The tests were run on two systems. A Fedora virtual machine on my personal laptop (with x86_64 architecture), and the Aarchie server provided by the school (which uses ARM). I might only end up using one of them if I use assembly language to optimize, but  for now I thought I would cover all of my bases.

I ran some initial tests, but I was worried about something. My own program had so much downtime that it was difficult to see what was going with CityHash. It had such a tiny percentage of the runtime. So I first tried to trim it down. I got rid of the lines that printed the hashes. Strangely, this made my hash function super fast and finished instantly.  Putting the line printing back, but piping it instead of using standard out made it still take only 1-2 seconds.

I had difficulty trying to make the file bigger, so I decided to just print out the  lower order digits of the sum of all the hashes, since I was paranoid that the compiler would optimize everything away if I didn’t use the values. I didn’t want tons of cout calls since that would have dwarfed the rest of the program and hid the variance.

Most other programs were kept closed, especially those more likely to have spikes in resource usages. On the remote server, this was not something that could be controlled, but in both cases, an attempt to control interfering load was made by simply taking many, many trials.

Runtimes:

x86_64 (Fedora VM)

The vast majority of runs ran between 1150-1160 ms. There were some under or over. Although most ran in this range, only once out of about 20 runs did it go below 1150 ms. I’m confident that this lower bound is somewhat close to our ideal runtime, since the variance seems to be in only one direction. We will then say that the total runtime is about ~1155 ms (for the purpose of comparison, later).

ARM (Aarchie server)

The bulk of runs ran around 700ms, but at times there were some results in the 750-780 ms ranges. I believe based on timing, the higher cases were when someone else was trying to use the system. I say this because otherwise, I would have a expected a more even distribution of the results. There weren’t many 720 – 740 ms times, which would be expected if it were up to normal variance. I choose to take the smaller cluster of results as a rough estimate of the runtime on Aarchie (~700ms), since that suggest the least interference.

Perf

The perf report on x86 typically looked like this:

bench3

If you look closely, a lot of the time spent on this program is unrelated to CityHash. It was difficult to isolate CityHash behaviour just looking at this, so I will end up paying more attention to the graph. You can still see CityHash among the functions called (runtime about 1-2%), as well as HashLen0to16 (runtime usually 3-4%). Perhaps the call graph will illuminate more.
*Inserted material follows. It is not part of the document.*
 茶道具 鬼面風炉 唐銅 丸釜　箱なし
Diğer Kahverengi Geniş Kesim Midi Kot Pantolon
Strangely enough, the perf report on ARM calculated the values differently. The x86 doesn’t seem to show main or _start, which would be the proper head of the hierarchy at 96% time spent.

bench4

Call Graph:

Below is an example of one of the call-graphs, cropped to the relevant parts. Since We don’t really care about the other parts of my program (which just deals with preparing the strings from the input file and such) we can compare relative sizes of these. I’m not sure why CityHash64 is split into two calls, but HashLen0to16 is not lower in the hierarchy than CityHash64, either. My expectation is that it should be called by CityHash, and not by main. I’m not really sure what to make of this.

bench5

I was hoping to get a percentage value for the runtime of CityHash out of the total runtime for benchmarking program, but this seems too messy to resolve right now. So, I will stick to the total-runtime approach until it is fixed. Assuming all of the startup and string-related wizardry remains untouched, I am willing to bet that any optimizations I make will directly reduce the total runtime of the program. It will be impossible to tell how much faster I made the hash relative to itself, but hopefully by then I can produce a more accurate percentage value to compare it with.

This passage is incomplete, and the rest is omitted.